# Pics of Emma And Sophie Cooling Off



## mollymo (Oct 31, 2009)

A Few Pics of Sophie And Emma Cooling off in the lake.

















Sophie doing a disappearing act under the water.


----------



## mollymo (Oct 31, 2009)

Posted these pics earlier and no replies.....now Im sad:crying:


----------



## cravensmum (Jun 28, 2010)

mollymo said:


> Posted these pics earlier and no replies.....now Im sad:crying:


It happens sometimes. So I try to 'like' or comment on peoples photo's.

But I missed these.

Those are lovely,especially the first one.


----------



## mollymo (Oct 31, 2009)

cravensmum said:


> It happens sometimes. So I try to 'like' or comment on peoples photo's.
> 
> But I missed these.
> 
> Those are lovely,especially the first one.

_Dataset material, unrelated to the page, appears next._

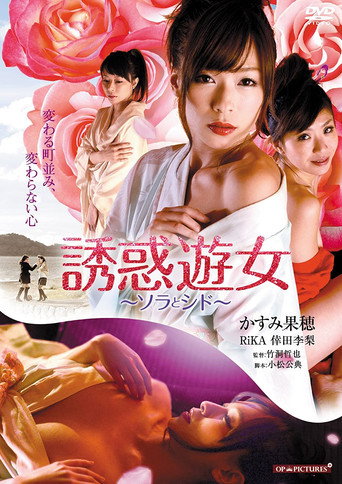 Temptation Prostitute of Sora and Shidod movie poster
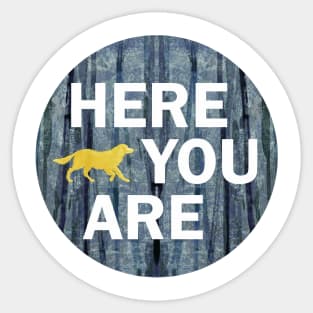 Here you are - Gold Sticker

Thanks, I know it happens sometimes, just bumped it up so I can sleep tonight:smilewinkgrin:


----------



## fuzzymum (Nov 29, 2010)

love the snorkelling one  looks like a lovely day xx


----------



## Cleo38 (Jan 22, 2010)

They are gorgeous!  I love watching my two have a swim when we're out


----------



## mollymo (Oct 31, 2009)

Cleo38 said:


> They are gorgeous!  I love watching my two have a swim when we're out


The younger one of the two really thinks she is a fish and spends most of the time under water


----------



## Guest (Jul 24, 2011)

Lovely pics, I love goldies


----------



## mollymo (Oct 31, 2009)

McKenzie said:


> Lovely pics, I love goldies


Thankyou


----------



## portiaa (Dec 10, 2010)

:001_wub: :001_wub: :001_wub: they are gorgeous! :001_wub: looks like you had a lovely day!


----------



## Nathe (Jul 11, 2011)

Great Pics


----------



## MoonStr80 (Mar 21, 2009)

I know how you feel when no one is posting your post  not to worry, I like your Golden they must of had amazing time in water 

Thank you for posting pictures


----------



## samjaymc (Jul 26, 2011)

Your girls look as if they were really loving the water! Who wouldn't?


----------



## saluja3 (Jul 25, 2011)

I've never seen a dog completely under water before! Beautiful doggies.


----------



## mollymo (Oct 31, 2009)

saluja3 said:


> I've never seen a dog completely under water before! Beautiful doggies.


Thankyou,Yes I know very strange girlie,she swims like that alot and stays under the water for a good while and our other girlie just cant make her outhmy:


----------